Allergan produces Botox, a neurologic product used to treat debilitating disorders linked to muscle overactivity. It owns the trade names Botox Cosmetic and Vistabel, used in the treatment of facial lines (wrinkles).

Valeant Allergan takeover bid

It will be difficult for Allergan to turn down a bid from Valeant.

Allergan and Valeant an ideal match, says Ackman

Bill Ackman, chairman and founder of Pershing Square Capital Management, said at an investor’s meeting on Wednesday that very few healthcare companies have the durability of the combined product portfolio of Allergan and Valeant.

According to a filing on Tuesday with the US Securities and Exchange Commission, Pershing Square Capital Management accumulated 9.7% ownership of Allergan after agreeing with Valeant to make a hostile bid for the Botox maker (Allergan) together.

In a press release published last night, Allergan wrote:

“The Allergan Board of Directors, in consultation with its financial and legal advisors, will carefully review and consider the Proposal and pursue the course of action that it believes is in the best interests of the Company’s stockholders. The Company’s stockholders do not need to take any action at this time. Goldman, Sachs & Co. and BofA Merrill Lynch are serving as financial advisors to the Company and Latham & Watkins is serving as legal counsel to the Company.”

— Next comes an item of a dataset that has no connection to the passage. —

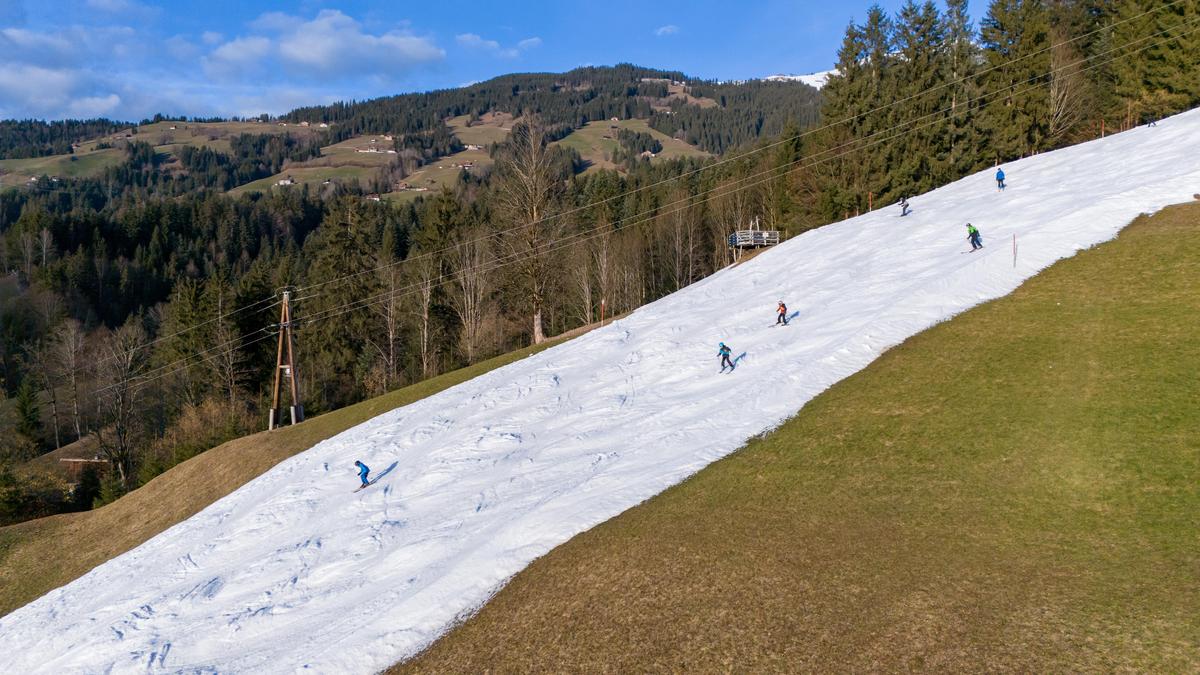 Ein Bild, das man im Februar 2024 öfter sah: Nur noch ein schmales Schneeband dient als Skipiste, wie hier von der Hohen Salve nach Hopfgarten im Brixental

Allergan stock increased 15% to $163.64 in New York, a sign that investors expect the bidders to come back with a higher offer. Valeant’s share price rose 7.4%.

According to Valeant’s third-biggest stockholder, Jeff Ubben, CEO of ValueAct Holdings LP, the Valeant-Allergan deal was structured by Ackman, who then put forward the idea to Valeant. With Ackman’s support, the bid has a much better chance of a favorable vote, he added.

Valeant growing

Valeant has been moving from its generic drugs core business into specialty medications, plus other therapeutic areas where it has a minor presence, such as dentistry, dermatology and ophthalmology.

Valeant is valued at about $42 billion. If it manages to acquire Allergan its worth will double. In order to be in there with the top five or ten multinational drugmakers its worth would need to double again.

In an interview with Bloomberg, Timothy Chiang, A CRT Capiral Group analyst, working from Stamford in Connecticut, said “ (a Valeant-Allergan combination) would make a lot of sense. The question has always been, it’s not whether Valeant would be interested in buying Allergan, it’s a question of would Allergan sell to Valeant.”

Ackman warns Allergan about a “No” vote

At an investor presentation in Manhattan on Tuesday, Ackman warned Allergan that part of what he does is compel firms “to do the right thing for shareholders. And we have all kinds of ways of making that happen. We will do that here, we are committed to doing that here and we have an enormous financial and reputational (investment to make sure it happens).”

Ackman added that if the takeover bid were to fall through, Allergan’s share value would probably nosedive and it would be facing a string of investor lawsuits. “It’s not where we want to be, it’s not where they want to be,” he emphasized.

Allergan has kept its cards close to its chest, i.e. it has said virtually nothing publicly about how it may respond to the offer. However, most analysts agree with Ackman’s prediction regarding Allergan’s share price if the deal fell through, unless another bidder were to enter the scene.

Allergan adopts ‘poison-pill defense’

On Tuesday evening Allergan said it was adopting a shareholder rights plan that would provide its existing holders with greater voting power on the event of an investor acquiring more than 10% of its stock.

Allergan stressed that the defense mechanism was not adopted to prevent an acquisition of the company. “Rather, the plan aims to provide the board with adequate time to fully assess any proposal.”

Update – June 11, 2014: Allergan emphatically rejects Valeant’s sweetened $53 billion offer. Pershing Square Capital Management CEO and founder, William Ackman, says he plans to take the offer directly to shareholders and replace Allergan’s board of directors.

Video – What is takeover?

When one company buys another company, we call it a takeover. When two equally-sized firms get together and become one, we refer to it as a merger.